> [Exercise instructions]: Copy out the whole listing exactly as given. Skip the pictures.

> [Material provided]:
┌────────

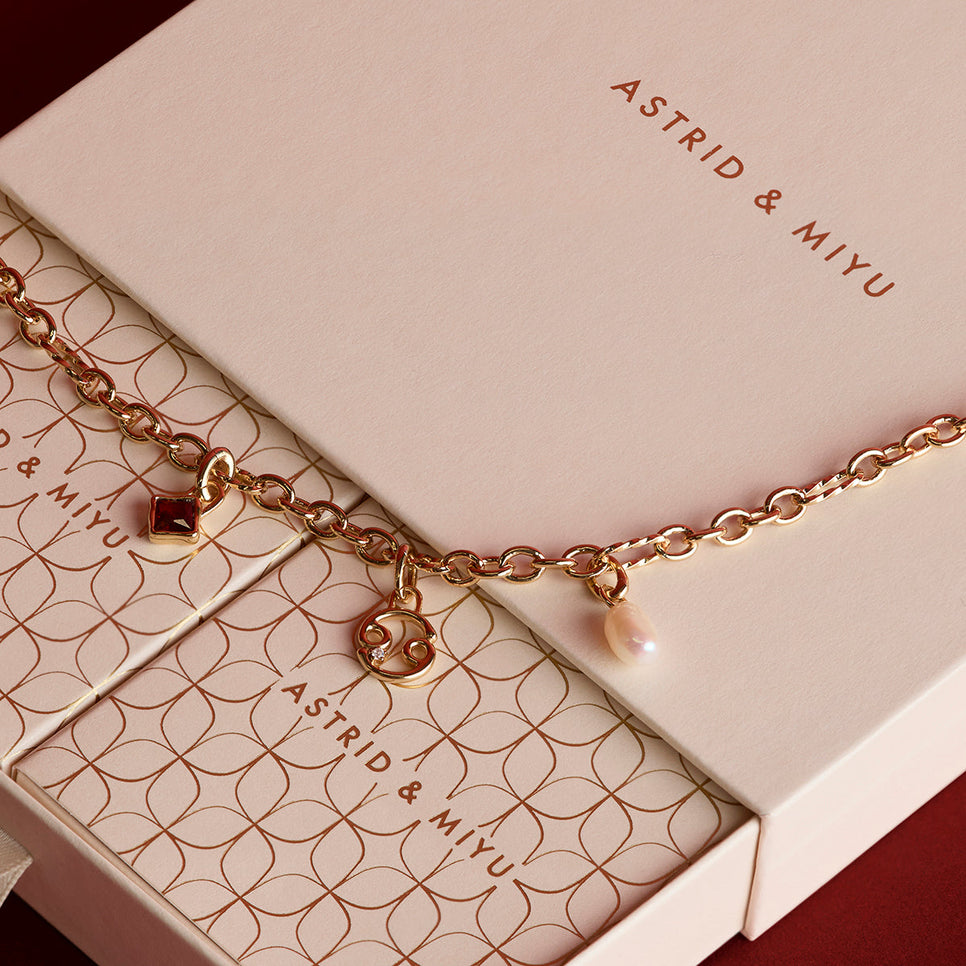 Bold Bracelet Charming Gift Set in Gold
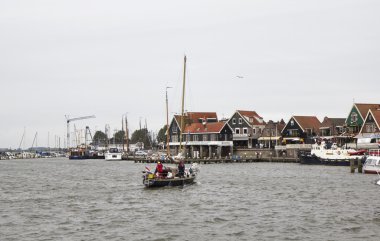 Holland, Volendam (Amsterdam); 9 Ekim 2011, tekneler limanda - Editörden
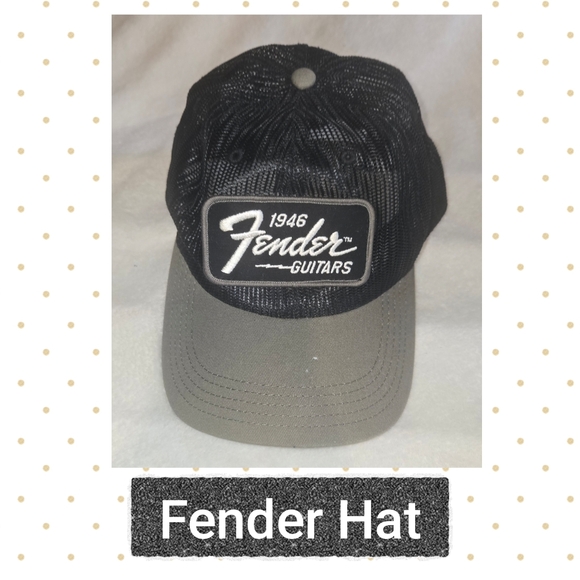 Fender Other - Fender Black & White Logo Cap LN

└────────

> [Output of the exercise]:
 Bold Bracelet Charming Gift Set in Gold
 Holland, Volendam (Amsterdam); 9 Ekim 2011, tekneler limanda - Editörden
 Fender Other - Fender Black & White Logo Cap LN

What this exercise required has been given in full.